Odpowiedź "Absorbancja jest proporcjonalna do stężenia substancji czynnej." jest więc właściwa, bo dotyczy bezpośrednio przeliczania wyniku pomiaru na zawartość substancji czynnej. W praktyce oznacza to, że przy dobrze dobranej długości fali, czystej kuwecie, stałej drodze optycznej i w zakresie liniowości można wyznaczyć stężenie na podstawie wzorców.
Pozostałe odpowiedzi nie są najważniejszym założeniem ilościowej interpretacji:
- "Każda substancja ma unikalny profil absorpcji światła UV-Vis." – kształt widma może pomagać w identyfikacji lub doborze długości fali, ale nie jest kluczowym założeniem pozwalającym obliczyć stężenie; dodatkowo "unikalność" bywa ograniczona, bo widma różnych związków mogą się nakładać.

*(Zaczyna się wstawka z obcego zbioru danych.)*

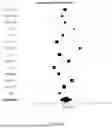 Fig. 48 - USE OF IMMUNE CELL-SPECIFIC GENE EXPRESSION FOR PROGNOSIS OF PROSTATE CANCER AND PREDICTION OF RESPONSIVENESS TO RADIATION THERAPY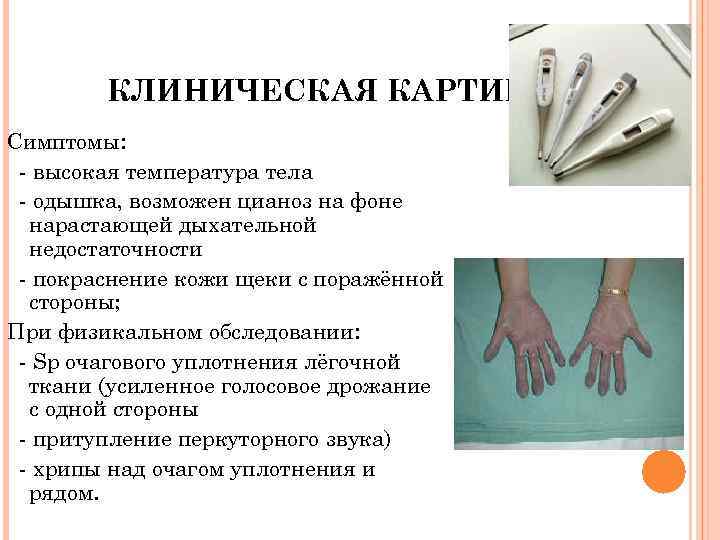 КЛИНИЧЕСКАЯ КАРТИНА Симптомы: - высокая температура тела - одышка, возможен цианоз на фоне нарастающей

- "Metoda ta jest stosowana tylko do analizy substancji nieorganicznych." – to stwierdzenie jest błędne: UV-Vis powszechnie stosuje się do wielu związków organicznych i nieorganicznych, o ile absorbują w UV lub Vis (lub tworzą barwne/absorbujące układy).
- "Absorbancja jest niezależna od stężenia substancji czynnej." – to zaprzecza idei oznaczeń ilościowych UV-Vis; gdyby tak było, pomiar absorbancji nie dawałby informacji o zawartości analitu.
Wskazówka egzaminacyjna: gdy pytanie dotyczy interpretacji wyników UV-Vis w analizie zawartości, najczęściej chodzi o zależność A–c i warunki jej spełnienia (zakres liniowości, brak silnych interferencji, poprawne tło/blank).